Is mercury a local problem or not? For years, power plant operators have claimed that mercury deposition is really a global problem. Environmentalists have pointed to studies arguing that hot spots affected by local emissions do exist. This week, according to the Cape Cod Times, John Colman, a USGS researcher – hardly likely to be a shill for the power industry – is going to report results of a study showing that mercury accumulation in both soil samples and fish tissue are comparable in Cape Cod and the Olympic Peninsula in Washington. Given prevailing wind directions, it’s hard to find a local source for mercury on the Olympic Peninsula.
According to the Cape Cod Times, Mr. Colman said that “the idea that burning coal is screwing up fish all over the Northern Hemisphere is kind of terrifying.” And I’ll bet that the United States power generation industry finds it terrifying that it may have to make very substantial – and costly – reductions in mercury emissions even though US emissions are about 5% of the world total and may not have a significant impact on the US environment.

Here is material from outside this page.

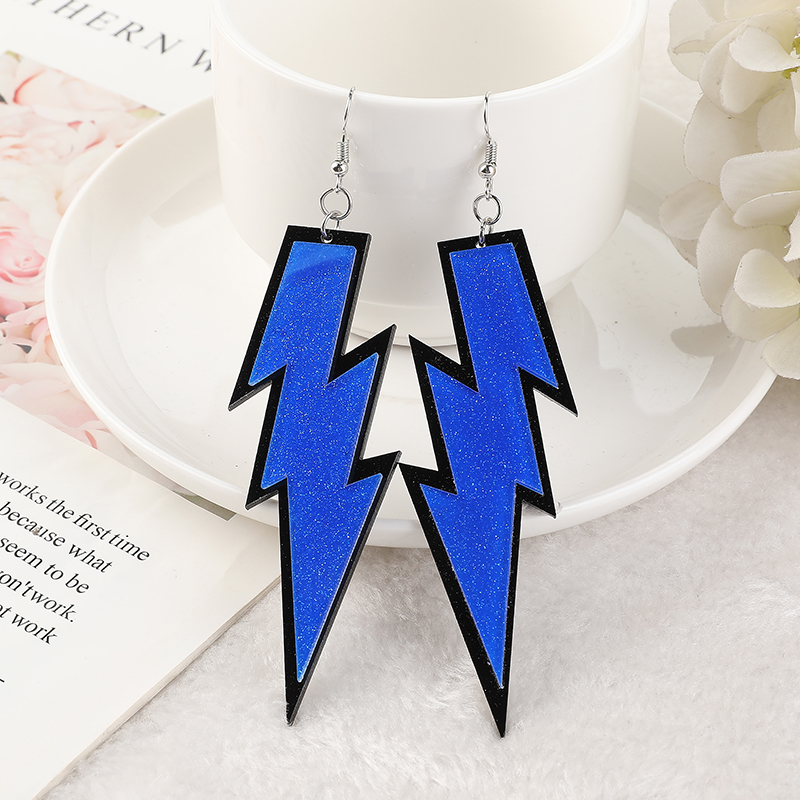 1 paar Blitz Reize Kreative Acryl Bunte Frau Baumeln Ohrringe Tropfen Ohrringe Für Mädchen Geburtstag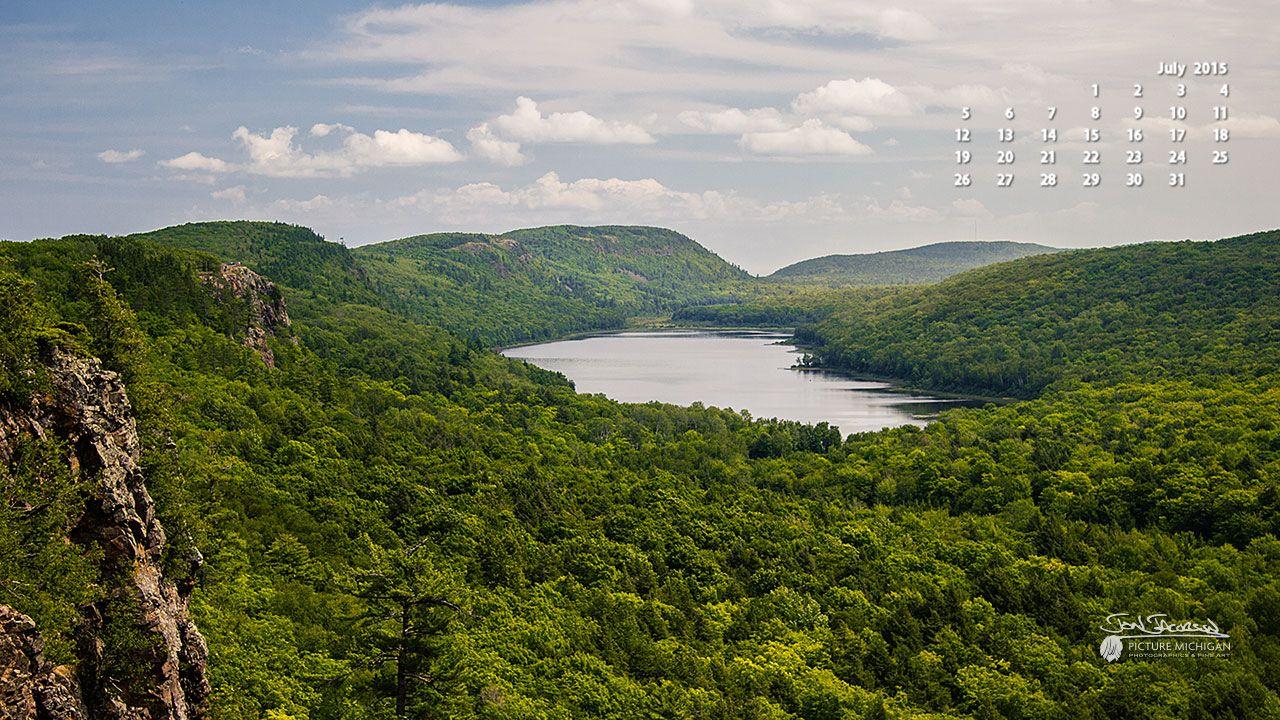 1280x720 July 2015 Calendar Desktop Wallpaper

I’m not discounting the need for regulation in the United States. Mercury is a real toxin. However, it would also be wrong to ignore the global aspect. To regulate the US power generation industry because doing so will solve a significant public health and environmental problem is one matter. To regulate the US power generation industry because we have to send a signal to the world that we are willing to regulate ourselves in order to persuade China to control mercury from its own coal-fired power plants is another. When the state of our nation is such that businesses are looking to put “China-Free” labels on their products, it will not be easy to persuade a significant segment of the population to support costly mercury controls when there is evidence that a substantial part of the problem stems from cheap coal-fired energy in China that delivers a twofer – allowing China to make goods more cheaply, while exporting its mercury pollution downwind to the United States.